WORK INSTRUCTIONS - Under this line are the records; write out word for word the part that begins at the line containing "Dobra smarująca uszczelka" and ends at the line containing "親鶏中華そば 綾川 練馬三原台店の写真", and no more.

(Collected data entries)
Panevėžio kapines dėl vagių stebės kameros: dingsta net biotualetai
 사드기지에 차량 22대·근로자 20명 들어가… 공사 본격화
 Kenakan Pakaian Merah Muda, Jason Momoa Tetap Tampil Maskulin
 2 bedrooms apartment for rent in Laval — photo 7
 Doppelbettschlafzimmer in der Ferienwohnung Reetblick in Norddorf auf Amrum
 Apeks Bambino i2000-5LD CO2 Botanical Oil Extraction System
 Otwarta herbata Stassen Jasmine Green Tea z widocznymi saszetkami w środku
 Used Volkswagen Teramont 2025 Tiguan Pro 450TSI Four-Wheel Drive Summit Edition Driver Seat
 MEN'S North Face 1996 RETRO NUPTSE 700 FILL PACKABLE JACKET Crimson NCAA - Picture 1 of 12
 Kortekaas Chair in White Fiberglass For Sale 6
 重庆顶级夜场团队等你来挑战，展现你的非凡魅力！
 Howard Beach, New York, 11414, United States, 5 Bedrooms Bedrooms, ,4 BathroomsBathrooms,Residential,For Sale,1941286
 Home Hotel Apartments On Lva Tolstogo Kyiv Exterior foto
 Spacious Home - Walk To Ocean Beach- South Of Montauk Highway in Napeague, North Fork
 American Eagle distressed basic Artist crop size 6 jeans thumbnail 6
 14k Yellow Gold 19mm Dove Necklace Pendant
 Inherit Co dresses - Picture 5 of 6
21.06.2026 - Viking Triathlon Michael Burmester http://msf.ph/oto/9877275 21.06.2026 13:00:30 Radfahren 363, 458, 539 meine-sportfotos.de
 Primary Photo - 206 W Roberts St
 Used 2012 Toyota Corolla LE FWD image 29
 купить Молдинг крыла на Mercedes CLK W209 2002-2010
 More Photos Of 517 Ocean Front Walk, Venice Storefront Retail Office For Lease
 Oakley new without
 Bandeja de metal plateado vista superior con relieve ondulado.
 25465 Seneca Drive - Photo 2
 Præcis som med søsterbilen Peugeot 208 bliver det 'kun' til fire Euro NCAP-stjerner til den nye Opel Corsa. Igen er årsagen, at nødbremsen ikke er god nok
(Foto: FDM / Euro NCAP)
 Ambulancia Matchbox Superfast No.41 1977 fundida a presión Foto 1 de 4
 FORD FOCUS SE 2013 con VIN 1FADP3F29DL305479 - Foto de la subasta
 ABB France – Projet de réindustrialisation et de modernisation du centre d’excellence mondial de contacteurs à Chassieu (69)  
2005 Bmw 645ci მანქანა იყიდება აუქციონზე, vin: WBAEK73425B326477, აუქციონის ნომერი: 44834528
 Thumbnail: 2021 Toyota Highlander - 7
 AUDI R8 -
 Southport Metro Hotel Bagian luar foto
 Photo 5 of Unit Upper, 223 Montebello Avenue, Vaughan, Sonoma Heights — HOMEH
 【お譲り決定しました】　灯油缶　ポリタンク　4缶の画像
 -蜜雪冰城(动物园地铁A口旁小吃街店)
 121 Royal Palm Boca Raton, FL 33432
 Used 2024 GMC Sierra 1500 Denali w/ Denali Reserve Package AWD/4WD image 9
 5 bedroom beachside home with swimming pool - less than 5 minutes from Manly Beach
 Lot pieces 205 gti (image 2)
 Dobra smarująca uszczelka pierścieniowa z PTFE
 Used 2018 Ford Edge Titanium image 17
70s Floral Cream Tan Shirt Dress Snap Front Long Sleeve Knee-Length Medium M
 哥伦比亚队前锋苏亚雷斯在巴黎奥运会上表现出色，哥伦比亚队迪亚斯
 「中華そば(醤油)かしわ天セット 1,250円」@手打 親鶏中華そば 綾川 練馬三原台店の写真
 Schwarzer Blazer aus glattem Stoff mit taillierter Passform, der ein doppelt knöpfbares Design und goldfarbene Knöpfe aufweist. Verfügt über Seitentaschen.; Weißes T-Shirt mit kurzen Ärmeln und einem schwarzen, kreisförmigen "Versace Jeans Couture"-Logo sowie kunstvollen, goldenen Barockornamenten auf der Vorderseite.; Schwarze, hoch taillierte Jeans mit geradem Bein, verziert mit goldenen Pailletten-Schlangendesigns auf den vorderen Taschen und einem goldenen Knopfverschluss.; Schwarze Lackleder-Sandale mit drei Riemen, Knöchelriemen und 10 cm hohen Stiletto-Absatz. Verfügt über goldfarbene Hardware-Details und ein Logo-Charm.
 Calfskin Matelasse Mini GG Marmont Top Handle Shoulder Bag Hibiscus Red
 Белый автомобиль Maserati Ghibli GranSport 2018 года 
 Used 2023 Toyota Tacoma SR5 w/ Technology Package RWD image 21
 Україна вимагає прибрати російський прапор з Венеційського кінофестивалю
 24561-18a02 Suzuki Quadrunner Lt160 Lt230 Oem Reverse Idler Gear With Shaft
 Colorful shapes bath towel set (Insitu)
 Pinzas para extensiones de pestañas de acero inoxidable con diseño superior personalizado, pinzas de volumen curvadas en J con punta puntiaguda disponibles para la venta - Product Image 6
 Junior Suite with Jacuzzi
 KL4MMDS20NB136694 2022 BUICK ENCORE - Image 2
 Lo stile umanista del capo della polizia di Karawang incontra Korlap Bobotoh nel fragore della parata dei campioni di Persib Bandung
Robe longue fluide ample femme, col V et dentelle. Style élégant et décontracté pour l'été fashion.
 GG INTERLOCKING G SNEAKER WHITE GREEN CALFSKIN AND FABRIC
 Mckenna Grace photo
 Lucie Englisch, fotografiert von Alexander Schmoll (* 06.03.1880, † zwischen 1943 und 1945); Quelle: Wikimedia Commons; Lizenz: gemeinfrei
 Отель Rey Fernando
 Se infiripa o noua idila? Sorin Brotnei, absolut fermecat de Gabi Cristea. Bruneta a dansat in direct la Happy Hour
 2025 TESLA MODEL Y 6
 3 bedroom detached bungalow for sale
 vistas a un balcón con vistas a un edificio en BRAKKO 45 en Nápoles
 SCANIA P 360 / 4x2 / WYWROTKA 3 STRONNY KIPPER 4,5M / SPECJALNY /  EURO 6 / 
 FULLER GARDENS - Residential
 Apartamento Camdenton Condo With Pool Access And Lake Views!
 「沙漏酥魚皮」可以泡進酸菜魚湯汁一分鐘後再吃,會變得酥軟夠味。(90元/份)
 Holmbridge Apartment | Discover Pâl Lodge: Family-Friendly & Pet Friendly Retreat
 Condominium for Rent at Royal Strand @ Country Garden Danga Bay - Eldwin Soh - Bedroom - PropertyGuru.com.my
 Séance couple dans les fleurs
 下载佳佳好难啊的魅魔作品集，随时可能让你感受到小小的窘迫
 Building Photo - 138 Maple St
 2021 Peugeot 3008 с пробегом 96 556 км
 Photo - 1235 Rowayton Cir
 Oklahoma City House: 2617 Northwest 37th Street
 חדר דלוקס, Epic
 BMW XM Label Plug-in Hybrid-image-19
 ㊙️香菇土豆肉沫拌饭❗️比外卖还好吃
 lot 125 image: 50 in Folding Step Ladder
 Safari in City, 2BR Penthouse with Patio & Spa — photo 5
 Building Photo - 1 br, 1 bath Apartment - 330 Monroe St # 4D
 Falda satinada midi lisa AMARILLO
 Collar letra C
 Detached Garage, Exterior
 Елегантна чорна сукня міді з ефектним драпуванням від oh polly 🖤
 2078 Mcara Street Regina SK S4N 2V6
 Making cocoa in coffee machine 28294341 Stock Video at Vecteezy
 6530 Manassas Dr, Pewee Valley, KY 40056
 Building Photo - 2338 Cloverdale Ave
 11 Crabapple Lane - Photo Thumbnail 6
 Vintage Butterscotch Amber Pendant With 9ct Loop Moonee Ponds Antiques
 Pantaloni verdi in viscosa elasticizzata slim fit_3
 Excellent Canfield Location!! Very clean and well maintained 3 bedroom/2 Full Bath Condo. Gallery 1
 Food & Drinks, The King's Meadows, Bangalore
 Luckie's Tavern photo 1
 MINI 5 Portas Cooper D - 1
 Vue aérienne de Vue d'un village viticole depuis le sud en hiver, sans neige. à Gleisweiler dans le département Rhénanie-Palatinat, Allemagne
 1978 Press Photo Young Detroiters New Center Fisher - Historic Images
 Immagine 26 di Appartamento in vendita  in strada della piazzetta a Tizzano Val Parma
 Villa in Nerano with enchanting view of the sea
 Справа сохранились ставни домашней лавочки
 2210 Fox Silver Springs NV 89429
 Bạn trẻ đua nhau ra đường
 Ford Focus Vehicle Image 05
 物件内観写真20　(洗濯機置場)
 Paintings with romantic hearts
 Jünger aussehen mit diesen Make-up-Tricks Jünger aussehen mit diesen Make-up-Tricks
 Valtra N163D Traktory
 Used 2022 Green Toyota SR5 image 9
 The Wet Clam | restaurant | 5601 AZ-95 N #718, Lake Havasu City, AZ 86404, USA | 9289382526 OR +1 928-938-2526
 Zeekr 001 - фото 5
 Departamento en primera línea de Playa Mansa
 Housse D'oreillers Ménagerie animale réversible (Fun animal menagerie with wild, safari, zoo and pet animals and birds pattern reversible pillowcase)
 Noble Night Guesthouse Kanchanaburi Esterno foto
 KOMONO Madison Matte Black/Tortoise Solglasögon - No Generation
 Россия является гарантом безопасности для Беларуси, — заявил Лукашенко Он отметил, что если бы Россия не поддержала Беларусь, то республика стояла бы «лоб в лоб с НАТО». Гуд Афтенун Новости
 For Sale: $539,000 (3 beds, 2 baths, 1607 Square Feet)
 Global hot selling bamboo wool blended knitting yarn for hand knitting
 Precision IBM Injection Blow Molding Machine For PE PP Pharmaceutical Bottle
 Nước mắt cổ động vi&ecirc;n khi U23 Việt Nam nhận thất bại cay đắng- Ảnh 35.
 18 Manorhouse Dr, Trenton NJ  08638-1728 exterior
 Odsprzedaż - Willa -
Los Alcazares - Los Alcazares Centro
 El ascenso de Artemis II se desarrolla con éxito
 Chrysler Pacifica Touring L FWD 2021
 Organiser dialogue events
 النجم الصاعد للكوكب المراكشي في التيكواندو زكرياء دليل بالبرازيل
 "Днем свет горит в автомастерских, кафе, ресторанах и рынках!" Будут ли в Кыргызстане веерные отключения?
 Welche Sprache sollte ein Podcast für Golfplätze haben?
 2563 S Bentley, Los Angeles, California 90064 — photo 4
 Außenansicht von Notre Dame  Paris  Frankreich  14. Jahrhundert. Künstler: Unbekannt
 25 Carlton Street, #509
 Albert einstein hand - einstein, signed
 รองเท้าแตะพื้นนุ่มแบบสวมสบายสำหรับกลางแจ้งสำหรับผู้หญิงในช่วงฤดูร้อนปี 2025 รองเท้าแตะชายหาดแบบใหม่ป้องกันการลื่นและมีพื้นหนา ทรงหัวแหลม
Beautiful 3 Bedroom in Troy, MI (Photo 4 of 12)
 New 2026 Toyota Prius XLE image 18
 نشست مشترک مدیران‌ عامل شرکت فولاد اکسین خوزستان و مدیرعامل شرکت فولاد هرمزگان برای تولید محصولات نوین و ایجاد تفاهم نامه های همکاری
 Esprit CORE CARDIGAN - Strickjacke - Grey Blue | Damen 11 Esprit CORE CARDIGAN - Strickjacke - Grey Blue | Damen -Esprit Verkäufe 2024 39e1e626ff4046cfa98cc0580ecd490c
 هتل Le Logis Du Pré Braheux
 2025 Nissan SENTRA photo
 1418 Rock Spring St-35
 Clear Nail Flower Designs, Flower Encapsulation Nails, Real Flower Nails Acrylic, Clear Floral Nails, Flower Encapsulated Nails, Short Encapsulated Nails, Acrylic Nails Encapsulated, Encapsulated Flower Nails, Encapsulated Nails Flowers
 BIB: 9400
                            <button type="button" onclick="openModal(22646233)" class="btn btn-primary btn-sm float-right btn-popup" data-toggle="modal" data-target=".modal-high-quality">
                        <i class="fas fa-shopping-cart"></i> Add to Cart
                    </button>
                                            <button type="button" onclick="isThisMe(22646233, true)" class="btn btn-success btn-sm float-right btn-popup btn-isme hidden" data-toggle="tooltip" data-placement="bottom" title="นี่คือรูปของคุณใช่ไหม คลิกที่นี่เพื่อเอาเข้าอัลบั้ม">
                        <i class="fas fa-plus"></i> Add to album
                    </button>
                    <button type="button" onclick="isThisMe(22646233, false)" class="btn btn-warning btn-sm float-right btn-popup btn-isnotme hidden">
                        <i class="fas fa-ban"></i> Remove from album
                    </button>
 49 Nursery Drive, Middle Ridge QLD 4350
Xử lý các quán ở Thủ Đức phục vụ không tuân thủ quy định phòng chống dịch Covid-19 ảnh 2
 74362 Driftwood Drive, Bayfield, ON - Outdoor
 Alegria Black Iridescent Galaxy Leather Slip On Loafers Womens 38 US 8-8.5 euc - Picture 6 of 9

ANSWER SECTION -
 Dobra smarująca uszczelka pierścieniowa z PTFE
 Used 2018 Ford Edge Titanium image 17
70s Floral Cream Tan Shirt Dress Snap Front Long Sleeve Knee-Length Medium M
 哥伦比亚队前锋苏亚雷斯在巴黎奥运会上表现出色，哥伦比亚队迪亚斯
 「中華そば(醤油)かしわ天セット 1,250円」@手打 親鶏中華そば 綾川 練馬三原台店の写真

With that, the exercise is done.